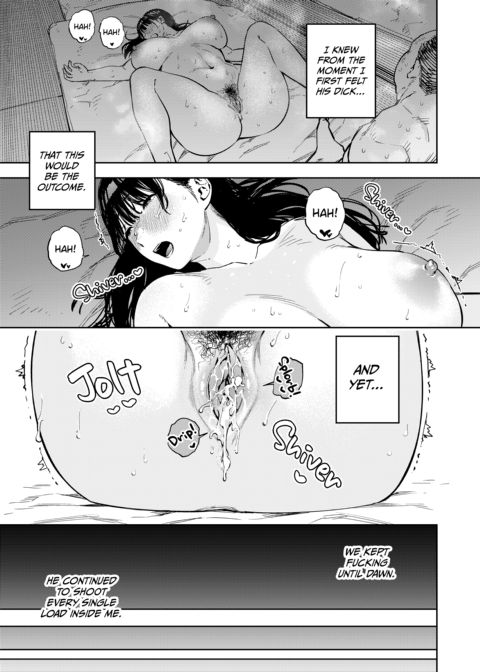 Screwed by Father-in-Law - All About Yui 2 Chapter 1 page 50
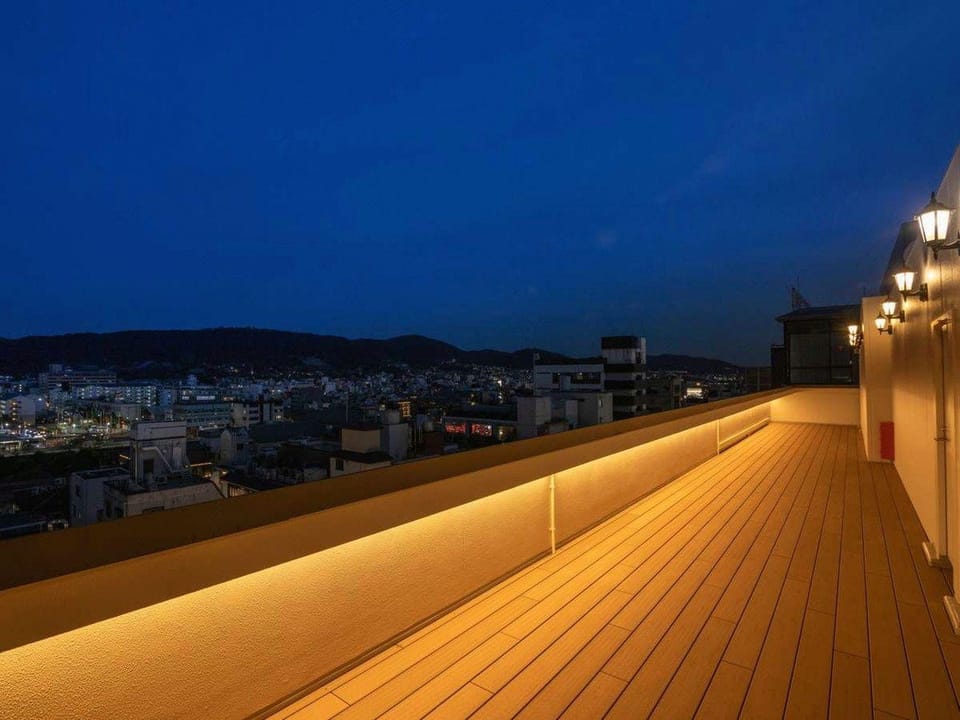 Hotel Aru Kyoto Sanjo Kiyamachi Do-ri Hotel in Kyoto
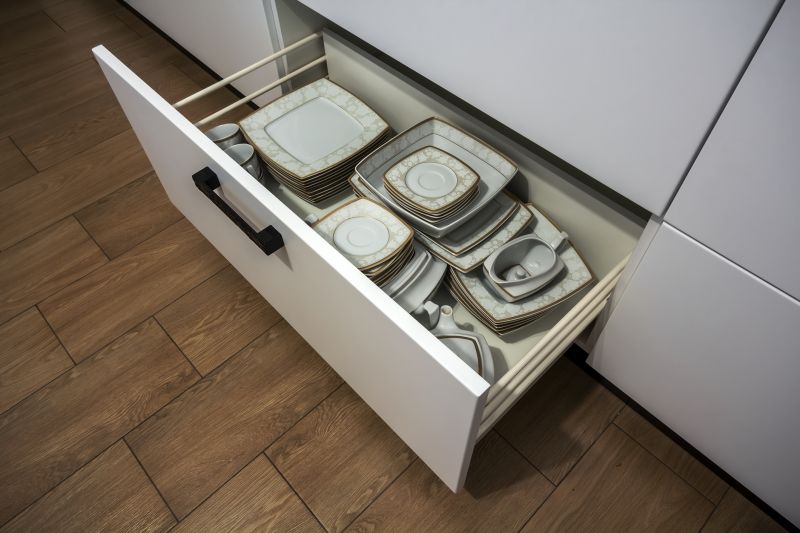 Kitchen Drawers Installation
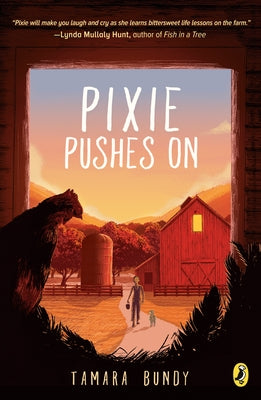 Pixie Pushes on by Bundy, Tamara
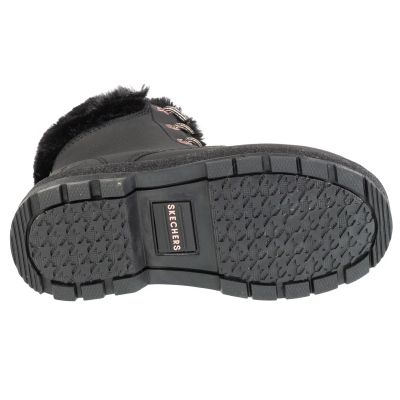 4. Skechers Street Glitz 310952L-BLK Czarne 28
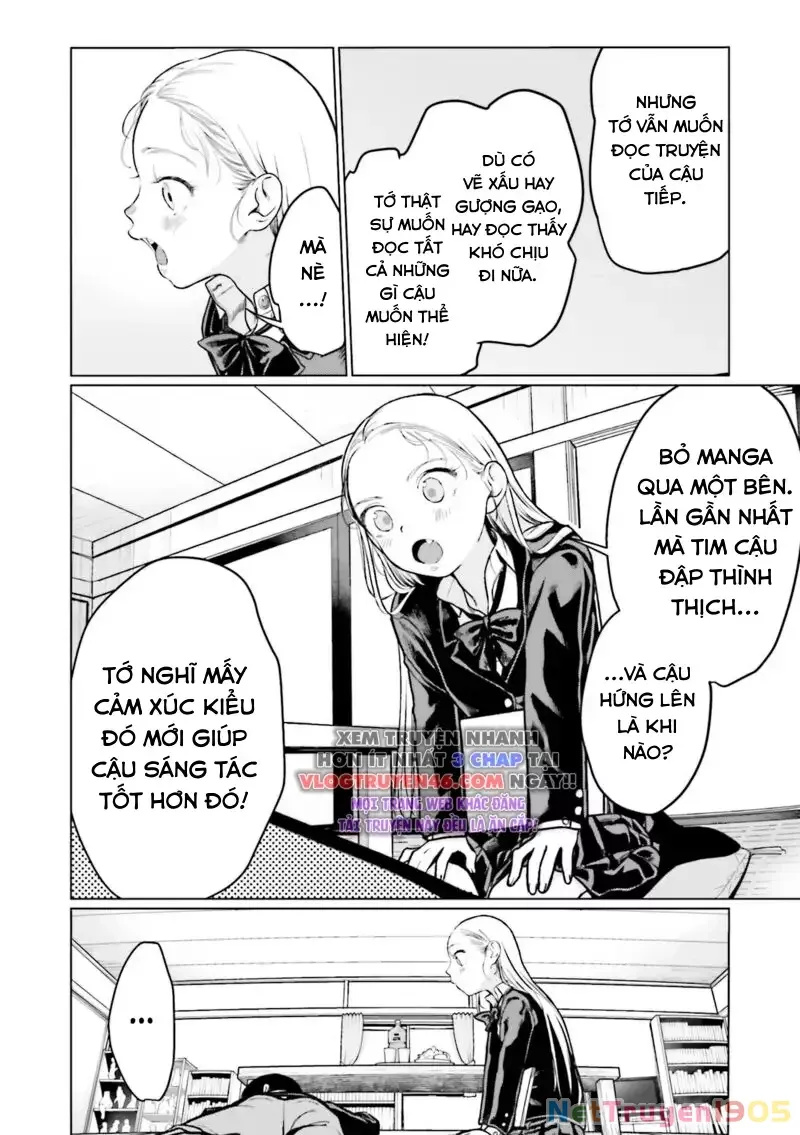 Bé sơ trung Sasha và thằng bạn Otaku cùng lớp: Chapter 22.8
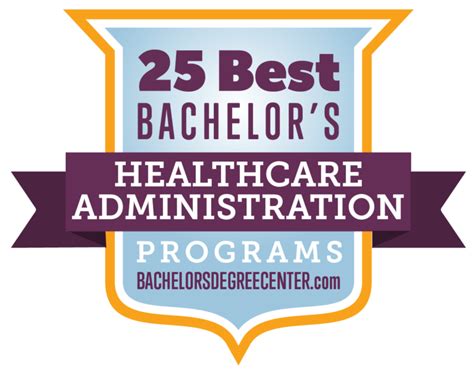 25 Best Bachelor’s in Healthcare Administration Degree Programs for 2019 – Bachelors Degree Center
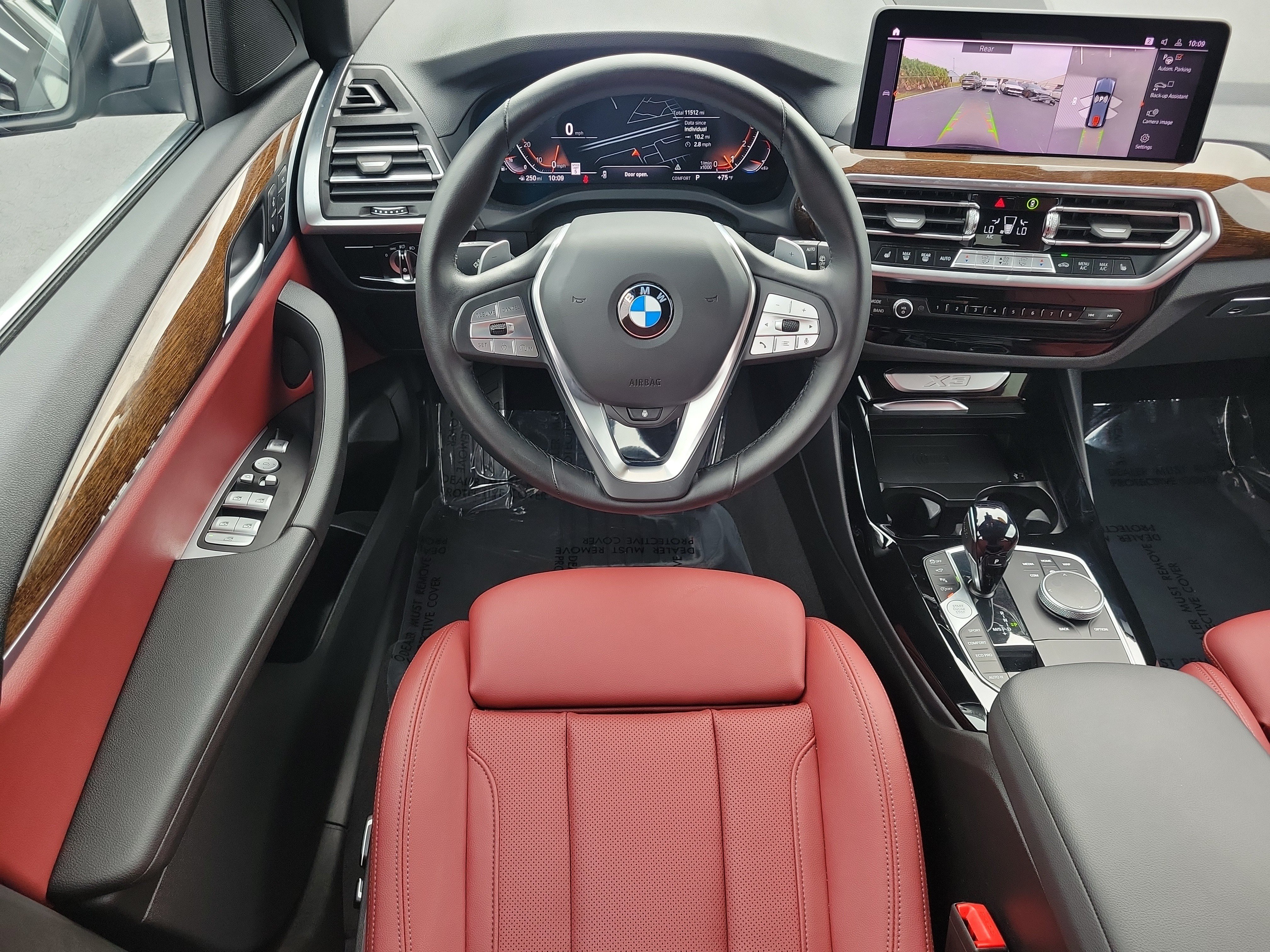 Used 2024 BMW X3 sDrive30i w/ Premium Package w/ZPA RWD image 15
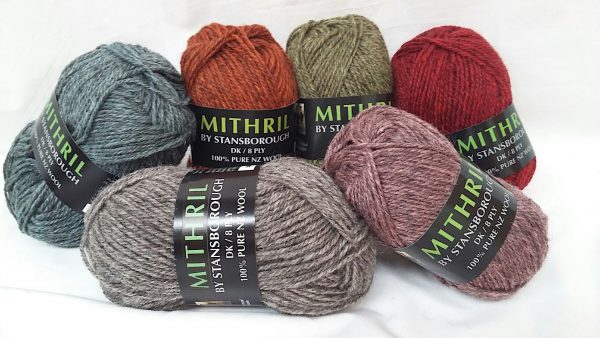 8 Ply Mithril Knitting Yarn - Image 5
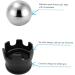 Portable Ice Steel Massage Device | Inoomp Hot & Cold Muscle Relaxer | Handheld Cryotherapy for Deep Tissue Relief - Buy Online on GoSupps.com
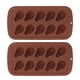 thumbnail image 2 of Molde para hielo, 2 moldes para chocolate, bandeja para 10 cubitos de hielo, molde para chocolate, probado profesionalmente Jadeshay A, 2 of 8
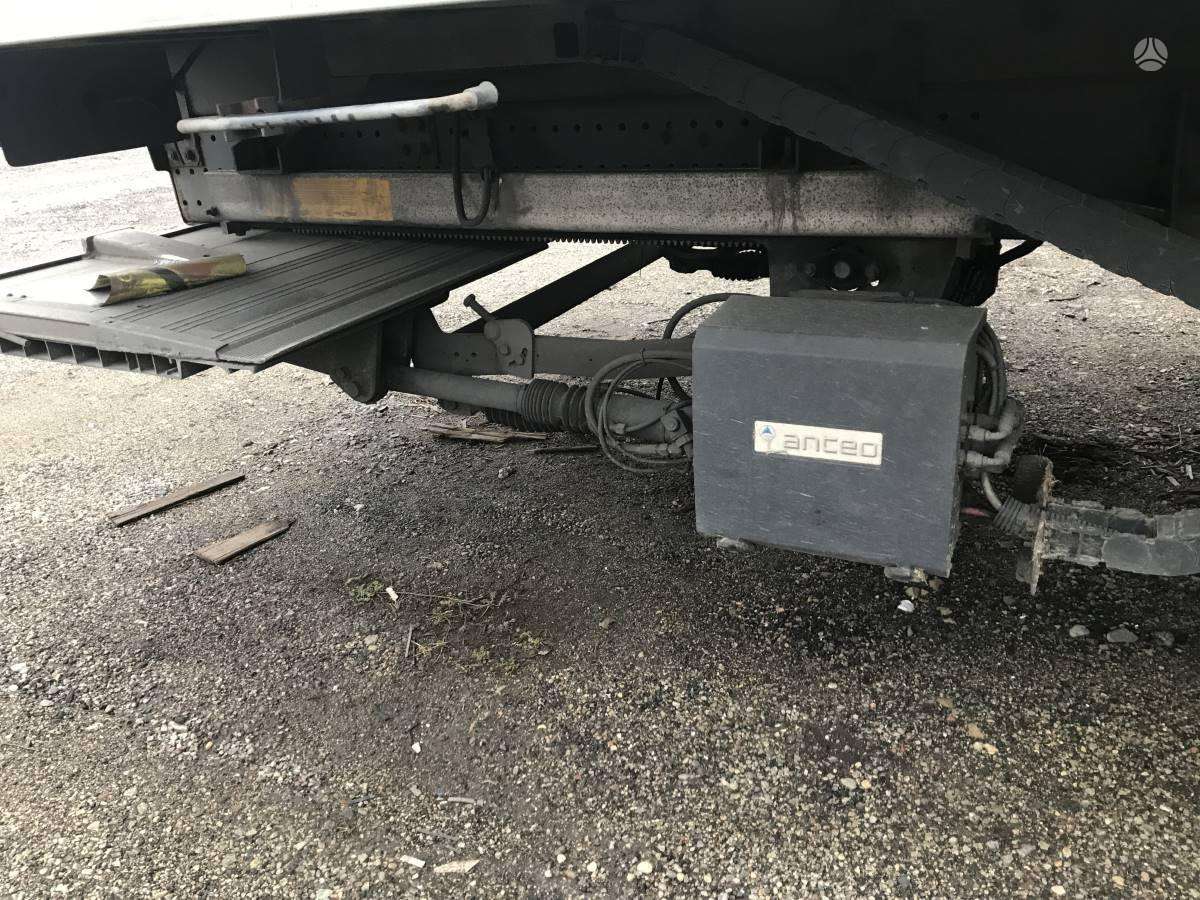 Renault D14, kravas automašīnas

------------------------------------------------------------------------

• WHAT THE TASK REQUIRES: Having removed the pictures, write out the records exactly as they stand.

• WRITTEN SOLUTION:
 Screwed by Father-in-Law - All About Yui 2 Chapter 1 page 50
 Hotel Aru Kyoto Sanjo Kiyamachi Do-ri Hotel in Kyoto
 Kitchen Drawers Installation
 Pixie Pushes on by Bundy, Tamara
 4. Skechers Street Glitz 310952L-BLK Czarne 28
 Bé sơ trung Sasha và thằng bạn Otaku cùng lớp: Chapter 22.8
 25 Best Bachelor’s in Healthcare Administration Degree Programs for 2019 – Bachelors Degree Center
 Used 2024 BMW X3 sDrive30i w/ Premium Package w/ZPA RWD image 15
 8 Ply Mithril Knitting Yarn - Image 5
 Portable Ice Steel Massage Device | Inoomp Hot & Cold Muscle Relaxer | Handheld Cryotherapy for Deep Tissue Relief - Buy Online on GoSupps.com
 thumbnail image 2 of Molde para hielo, 2 moldes para chocolate, bandeja para 10 cubitos de hielo, molde para chocolate, probado profesionalmente Jadeshay A, 2 of 8
 Renault D14, kravas automašīnas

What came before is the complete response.